WHAT THE TASK REQUIRES:
Exact copy, pictures excluded: output the lines from the opening of the entries through the line bearing "Suite, 1 King".

SOURCE DATA:
######
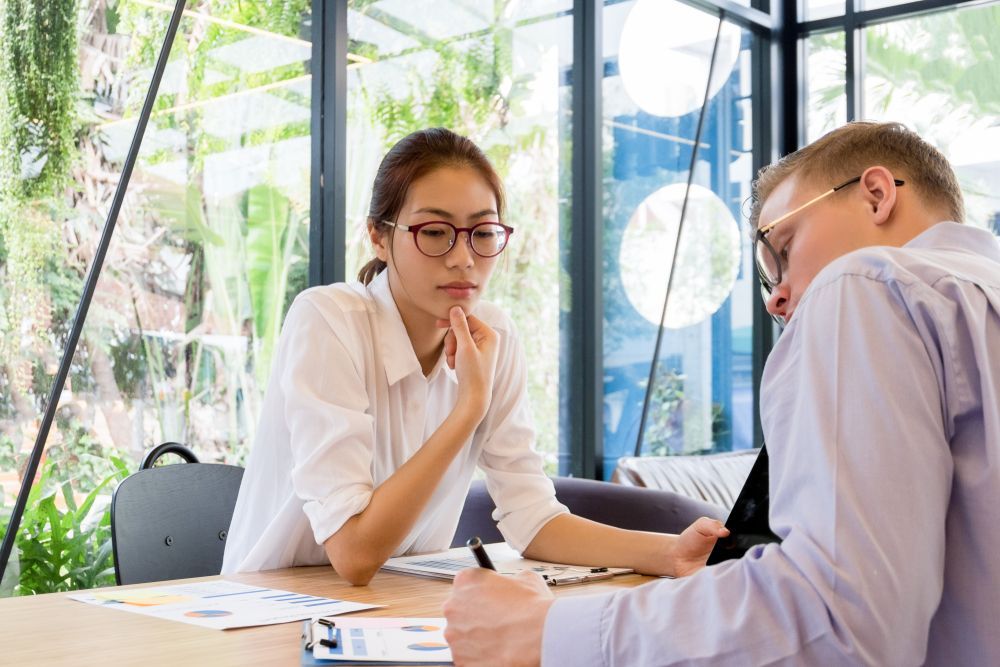 Woman in glasses, white shirt thoughtfully touches chin, looking at documents with a man in a light shirt and glasses at a table.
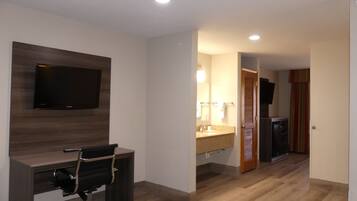 Suite, 1 King Bed, Non Smoking (One-Bedroom) | Living area | Flat-screen TV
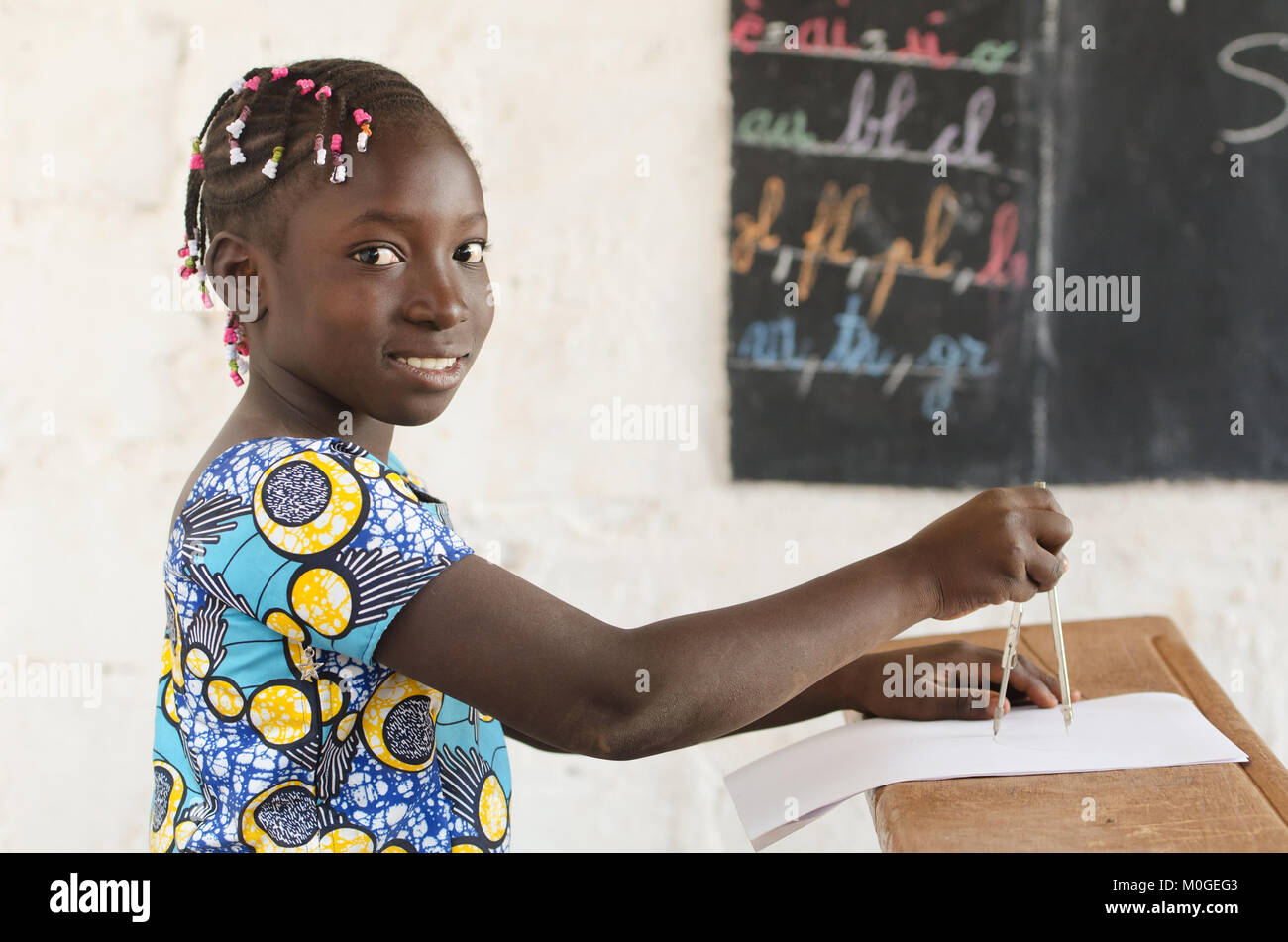 Afrika und Technik - Schöne Afrikanische Mädchen in der Schule mit Kompass und Blackboard Stockfoto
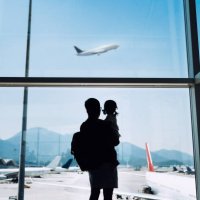 silhouette of joyful young asian father carrying cute little daughter looking at airplane through window at the airport while waiting for departure - travel stock pictures, royalty-free photos & images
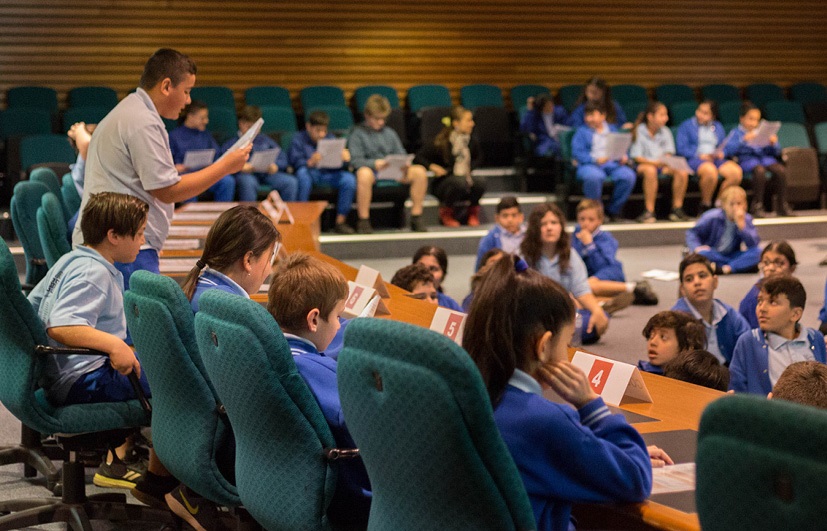 Children in Council chambers conducting a mock Council meeting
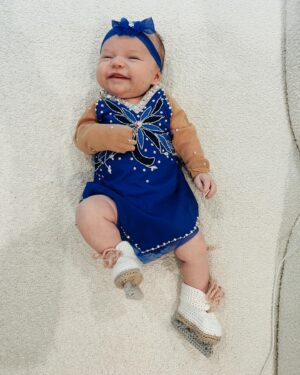 Tara Lipinski Instagram - Georgie’s 1st Halloween! ⛸️❄️

@bradgriffies made a costume that will be hard to match. Thank you!!!! Does anyone recognize it?! 

 @toddkap commentated Gigi’s performance and I of course gave her an old school perfect 6.0 score of course! 

Brad - again thank you! It’s just too much. You are a talent and skaters are lucky to wear your beautiful designs. 

#babysfirsthalloween #halloween #newbornhalloween #figureskating #skating #olympics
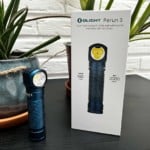 La lampe Olight Perun 3 posée sur une table à côté de sa boite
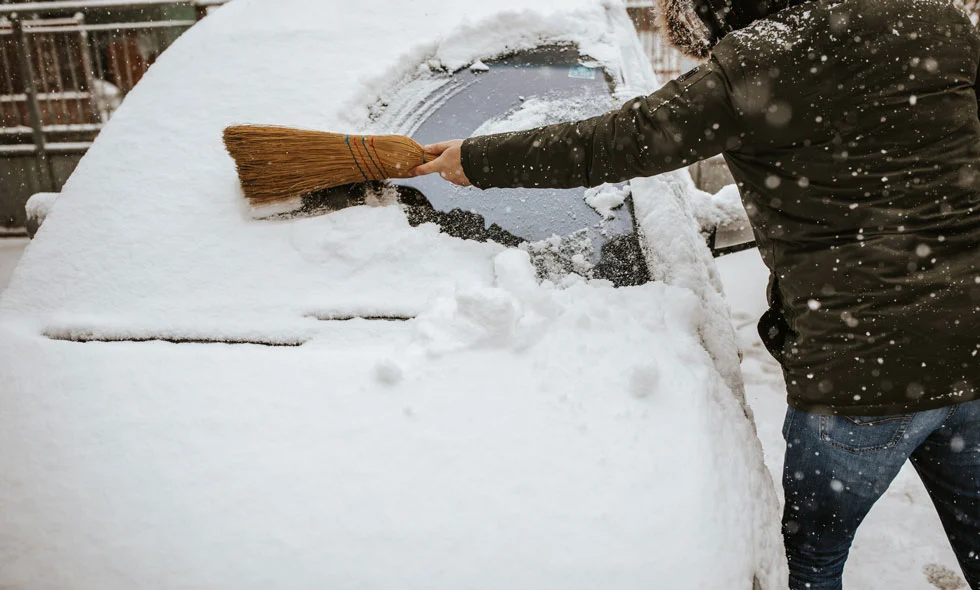 En person borstar bort snö från en bil under en snöig dag.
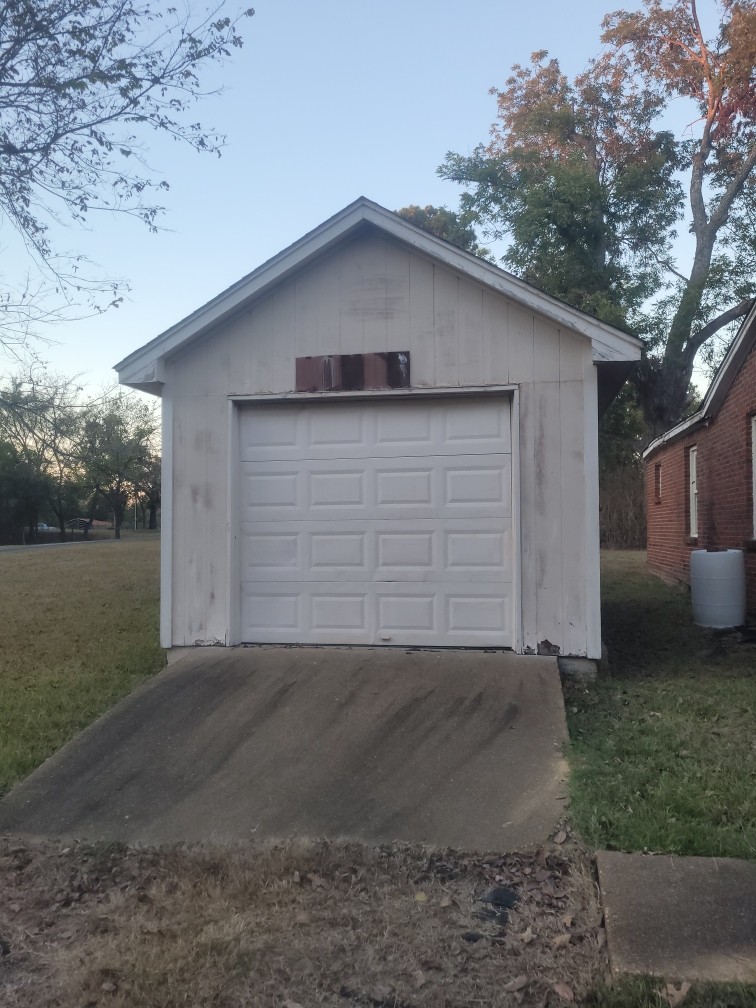 12586 Macon Road Collierville, TN 38017 - Photo 7 of 7 a view of a house with a yard and garage
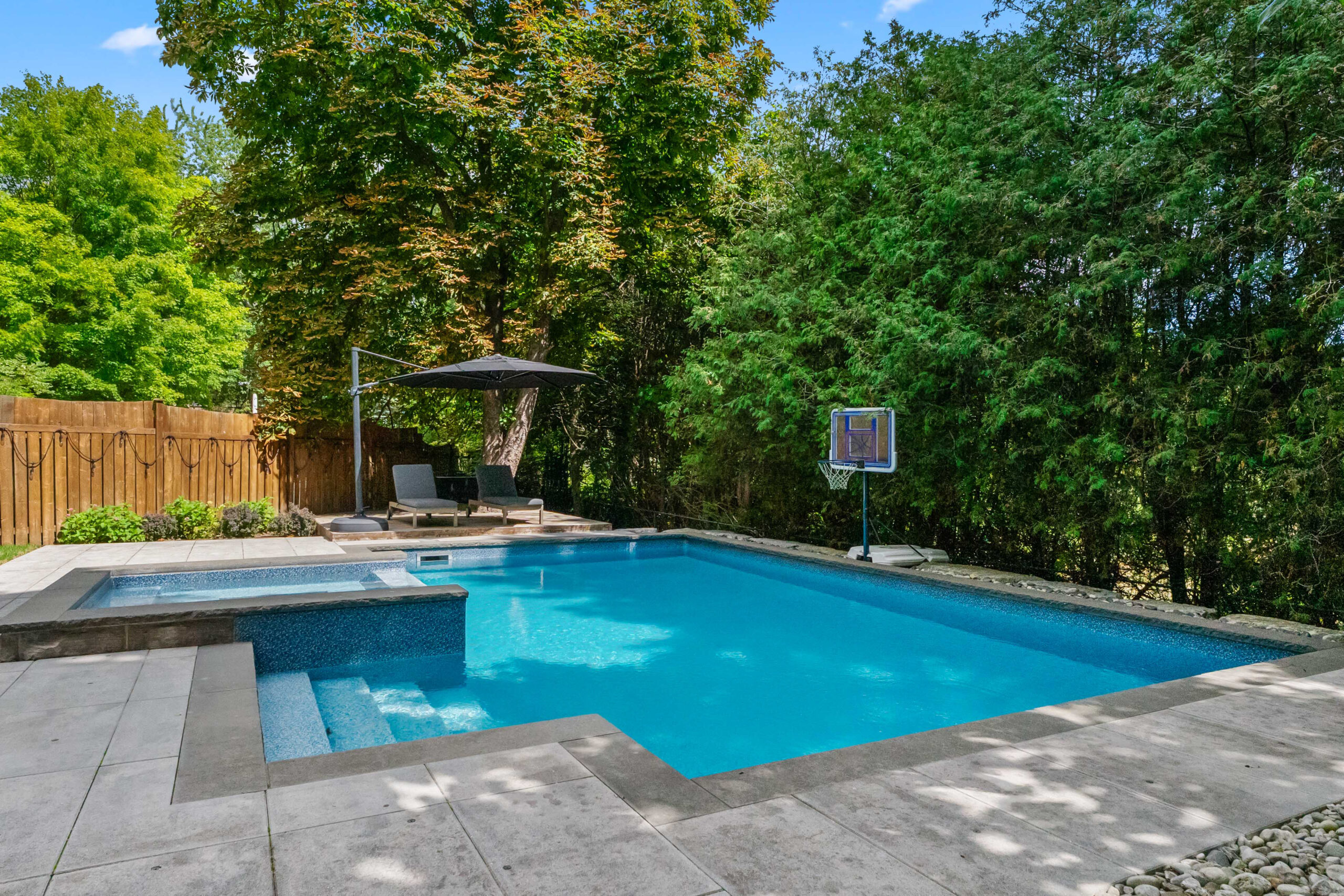 Backyard pool surrounded by greenery and patio furniture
######
RESULT FOR THIS TASK:
 Woman in glasses, white shirt thoughtfully touches chin, looking at documents with a man in a light shirt and glasses at a table.
 Suite, 1 King Bed, Non Smoking (One-Bedroom) | Living area | Flat-screen TV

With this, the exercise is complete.